2. Ting-Kai Huang et al [2], proposed a recommendation system that was developed to

match consumers with products to meet their variety of special needs and tastes in order to
enhance user satisfaction and loyalty. The popularity of personalized recommendation systems
has increased in recent years and applied in several areas including movies, songs, books, news,
friend recommendations on social media, travel products, and other products in general.
Collaborative Filtering methods are widely used in recommendation systems. The collaborative
filtering method is divided into neighborhood-based and model-based. In this study, matrix
factorization is implemented which is part of model-based that learns latent factors for each user
and item and uses them to make rating predictions. The method will be trained using stochastic
gradient descent and optimization of regularization hyperparameter. In the end, neighbourhood-
based collaborative filtering and matrix factorization with different values of regularization
hyperparameter will be compared. The result shows that matrix factorization method is better
than item-based collaborative filtering method and even better with tuning the regularization
hyperparameter by achieving lowest RMSE score. However, the used functions are available
from Graphlab and using Movielens 100k data set for building the recommendation systems.
3. Fred Morstatter et al [3], realized the presence of bots has been felt in many aspects of
social media. Twitter, one example of social media, has especially felt the impact, with bots
accounting for a large portion of its users. These bots have been used for malicious tasks such as
spreading false information about political candidates and inflating the perceived popularity of
celebrities. Furthermore, these bots can change the results of common analyses performed on
social media. It is important that researchers and practitioners have tools in their arsenal to
remove them. Approaches exist to remove bots, however they focus on precision to evaluate
their model at the cost of recall. This means that while these approaches are almost always
correct in the bots they delete, they ultimately delete very few, thus many bots remain. We
propose a model which increases the recall in detecting bots, allowing a researcher to delete
more bots. However this model is evaluated on two real world social media datasets and shows
that the detection algorithm removes more bots from a dataset than current approaches.

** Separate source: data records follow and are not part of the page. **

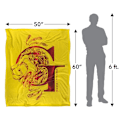 Miniatyrbild 5 av 6: Harry Potter Gryffindor Abstrakt Filt One Size Flerfärgad Multicoloured One Size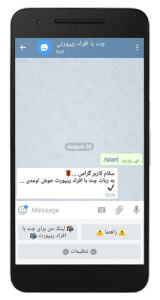 سورس ربات چت با افراد ریپورتی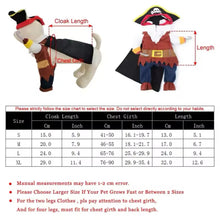 Pirate Pet Costume - Always Whiskered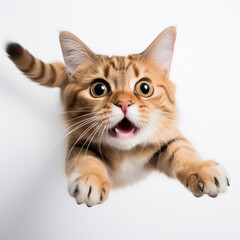 playful cat jumping png Generative Al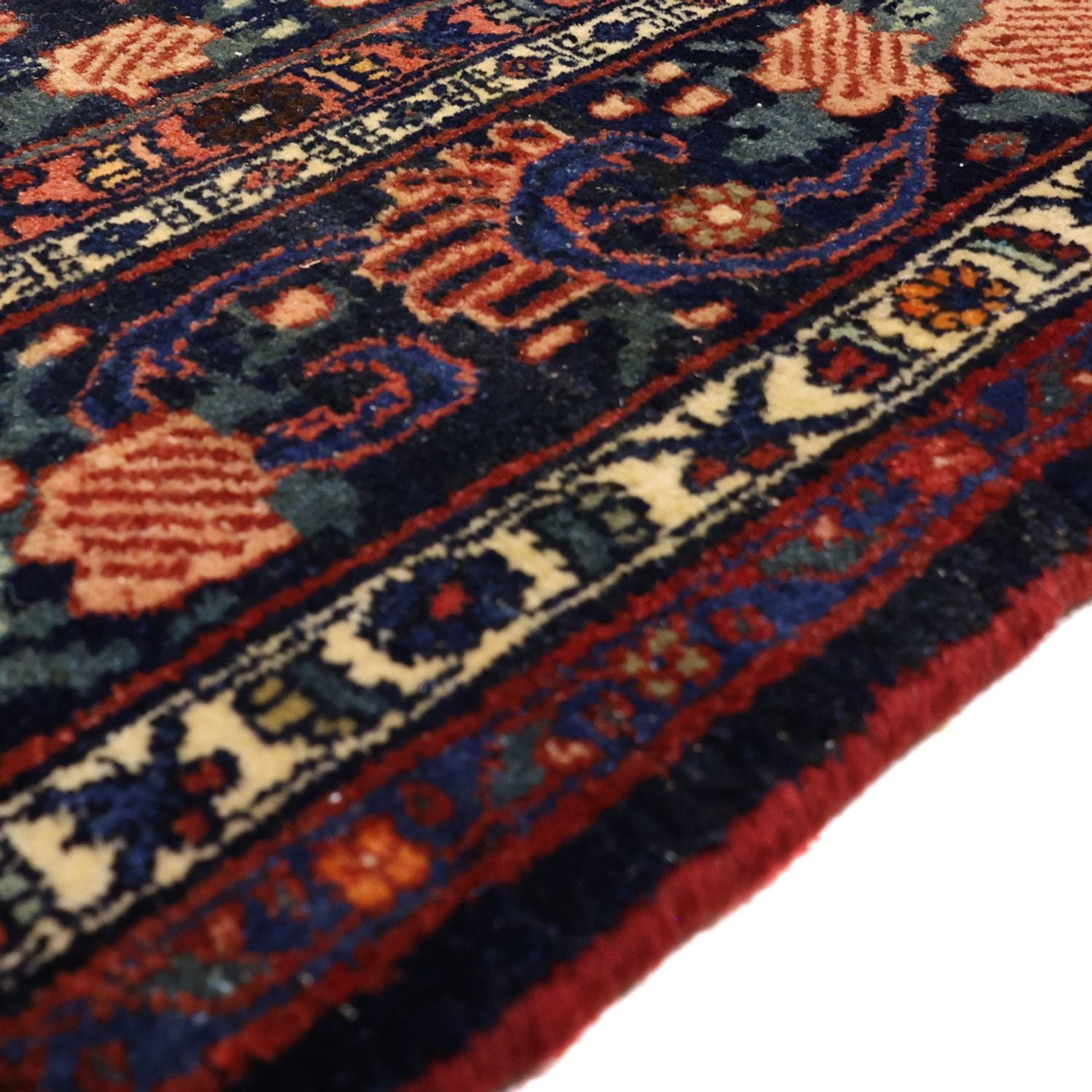 Tapis persan - Bidjar - Royal - 276 x 168 cm - rouge foncé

4. Zhiyong Zhang et al[4], proposed an attribute based encryption (ABE), a user is

identified with the help of some attributes and their functions for encryption and decryption of
the data. The current techniques based on attribute-based encryption have found that if a user's
access structure includes a considerable amount of attribute information labeled as Don’t Care,
then the encryption pairing operation has low calculation efficiency and cipher text information
redundancy. In this paper, we have proposed a hierarchical multi-authority attribute-based
encryption on prime order groups to tackle these problems. The encryption technique has a
polycentric attribute authorization system based on an AND gate access structure, with a unified
attribute index established by each attribute authority throughout the system, to form a binary
tree, i.e., attribute access tree. The state value of the parent node can be determined by the state
of its child node in an attribute access tree. The attribute-based encryption established in this
manner is theoretically proven to effectively decrease the calculation amount for decryption and
compress the redundant information in the cipher text as much as possible. However, the
encryption technique has a theoretical and practical significance in the system of “large
universe” constructions.
5. Yadong Zhou et al [5], established that online social networks gradually integrate
financial capabilities by enabling the usage of real and virtual currency. They serve as new
platforms to host a variety of business activities such as online promotion events, where users
can possibly get virtual currency as rewards by participating in such events. Both OSNs and
business partners are significantly concerned when attackers instrument a set of accounts to
collect virtual currency from these events, which make these events ineffective and result in
significant financial loss. It becomes of great importance to proactively detect these malicious
accounts before the online promotion activities and subsequently decrease their priority to be
rewarded. In this paper, we propose a novel system, namely ProGuard, to accomplish this
objective by systematically integrating features that characterize accounts from three
perspectives including their general behaviors, their recharging patterns, and the usage of their
currency. We have performed extensive experiments based on data collected from Tencent QQ, a
global leading OSN with built-in financial management activities. However, experimental results
have demonstrated that our system can accomplish a high detection rate of 96.67% at a very low
false positive rate of 0.3%.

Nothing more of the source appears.